= Burry Port (electoral ward) =

Electoral ward in Carmarthenshire, Wales

Burry Port is an electoral ward, representing the community of Burry Port, Carmarthenshire, Wales.

==Profile==
In 2014, the Burry Port electoral ward had an electorate of 3,387. The total population was 4,240, of whom 80.3% were born in Wales. 32.2% of the population were able to speak Welsh.

==Current Representation==
The Burry Port Ward is a two-member ward for the purposes of Carmarthenshire County Council elections. It is currently represented by Labour Party councillors Jack James (first elected in 2012) and Amanda Fox (first elected in 2017).

==Recent history==
The first election to the new unitary Carmarthenshire County Council took place in 1995. Burry Port had two seats, both of which were won by the Liberal Democrats.
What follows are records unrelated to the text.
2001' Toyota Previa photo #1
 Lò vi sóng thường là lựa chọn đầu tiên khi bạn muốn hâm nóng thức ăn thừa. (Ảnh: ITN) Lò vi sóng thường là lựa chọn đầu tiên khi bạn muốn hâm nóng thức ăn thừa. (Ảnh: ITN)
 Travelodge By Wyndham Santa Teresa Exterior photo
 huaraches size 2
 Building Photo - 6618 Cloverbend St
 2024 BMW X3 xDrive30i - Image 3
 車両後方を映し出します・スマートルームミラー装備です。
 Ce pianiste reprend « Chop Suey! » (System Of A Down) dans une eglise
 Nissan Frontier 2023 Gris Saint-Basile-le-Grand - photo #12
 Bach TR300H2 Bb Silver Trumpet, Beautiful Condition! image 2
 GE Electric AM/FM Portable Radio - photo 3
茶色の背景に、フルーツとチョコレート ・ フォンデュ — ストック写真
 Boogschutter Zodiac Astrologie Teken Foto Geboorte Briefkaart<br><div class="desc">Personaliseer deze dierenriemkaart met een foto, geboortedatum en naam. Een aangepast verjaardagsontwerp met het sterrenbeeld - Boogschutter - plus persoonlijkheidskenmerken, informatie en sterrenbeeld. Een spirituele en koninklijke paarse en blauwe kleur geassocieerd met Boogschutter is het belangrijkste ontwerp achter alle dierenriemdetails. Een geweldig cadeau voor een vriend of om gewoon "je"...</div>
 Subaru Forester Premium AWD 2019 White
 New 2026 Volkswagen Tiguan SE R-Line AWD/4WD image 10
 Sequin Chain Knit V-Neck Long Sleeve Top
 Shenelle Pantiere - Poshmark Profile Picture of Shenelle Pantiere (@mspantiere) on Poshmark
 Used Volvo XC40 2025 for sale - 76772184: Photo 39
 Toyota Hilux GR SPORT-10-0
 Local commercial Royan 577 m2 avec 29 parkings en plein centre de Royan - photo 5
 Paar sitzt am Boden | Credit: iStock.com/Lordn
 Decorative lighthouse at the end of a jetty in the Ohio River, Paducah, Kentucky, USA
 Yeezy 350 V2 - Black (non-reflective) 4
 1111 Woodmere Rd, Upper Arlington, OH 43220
Keith Evans, the sitting member for the ward on Dyfed County Council, was elected alongside George West, a sitting member on Llanelli Borough Council.

Burry Port
| Party |  | Candidate | Votes | % | ±% |
|---|---|---|---|---|---|
|  | Liberal Democrats | Keith J. Evans+* | 1,014 |  |  |
|  | Liberal Democrats | George W. West* | 693 |  |  |
|  | Plaid Cymru | David Hywel Nolan | 501 |  |  |
|  | Labour | Lawrence Jenkins | 397 |  |  |
|  | Labour | Paul Malcolm Davies | 356 |  |  |
|  | Liberal Democrats win (new seat) |  |  |  |  |
|  | Liberal Democrats win (new seat) |  |  |  |  |

At the 1999, Labour gained both seats, having won one in a by-election.

Burry Port 1999
| Party |  | Candidate | Votes | % | ±% |
|---|---|---|---|---|---|
|  | Labour | Patricia Ethel Mary Jones* | 1,217 |  |  |
|  | Labour | Peter Jewell | 1,060 |  |  |
|  | Liberal Democrats | Pamela Georgina Every | 589 |  |  |
|  | Labour hold |  | Swing |  |  |
|  | Labour gain from Liberal Democrats |  | Swing |  |  |

Labour lost one of the seats to an Independent in 2004.

Burry Port
| Party |  | Candidate | Votes | % | ±% |
|---|---|---|---|---|---|
|  | Labour | Patricia Ethel Mary Jones* | 850 |  |  |
|  | Independent | Stephen Randall James | 754 |  |  |
|  | Labour | Hugh Shepardson | 710 |  |  |
|  | Plaid Cymru | Joanna Davies | 301 |  |  |
|  | Plaid Cymru | Alexander Anderson | 226 |  |  |
|  | Labour hold |  | Swing |  |  |
|  | Independent gain from Labour |  | Swing |  |  |

In 2008, the situation remained unchanged.

Burry Port 2008
| Party |  | Candidate | Votes | % | ±% |
|---|---|---|---|---|---|
|  | Independent | Stephen Randall James* | 931 |  |  |
|  | Labour | Patricia Ethel Mary Jones* | 854 |  |  |
|  | Plaid Cymru | John Jack James | 623 |  |  |
|  | Labour | Andrew Phillips | 298 |  |  |
|  | Independent hold |  | Swing |  |  |
|  | Labour hold |  | Swing |  |  |

In 2012, Labour, regained the second seat. Pat Jones, a member of the authority since 1999, was re-elected alongside another Labour candidate who narrowly ousted the sitting Independent member, who had served since 2004. The Conservative candidate had stood as a Liberal Democrat in 1999.

Burry Port 2012
| Party |  | Candidate | Votes | % | ±% |
|---|---|---|---|---|---|
|  | Labour | Patricia Ethel Mary Jones* | 741 |  |  |
|  | Labour | Jack James | 634 |  |  |
|  | Independent | Stephen Randall James* | 622 |  |  |
|  | Plaid Cymru | Gaynor Davies | 388 |  |  |
|  | Conservative | Pam Every | 239 |  |  |
| Turnout |  |  |  | 44.5 |  |
|  | Labour hold |  | Swing |  |  |
|  | Labour gain from Independent |  | Swing |  |  |

==Earlier History==
===County Council Elections===
Burry Port first became an electoral ward in the early twentieth century, having initially been part of the Pembrey ward at the formation of Carmarthenshire County Council. In due course two wards were created at Ammanford for county council electionsand these continued to exist until Carmarthenshire was abolished in 1974.

With the formation of Dyfed County Council, Ammanford continued to elect two councillors until the wards were merged in 1989.

When the current Carmarthenshire County Council was formed in 1995, a Burry Port ward based on the community of that name was created.

===District Council Elections===
From 1987, Burry Port formed an electoral ward for the purposes of elections to Llanelli Borough Council. Burry Port returned three members.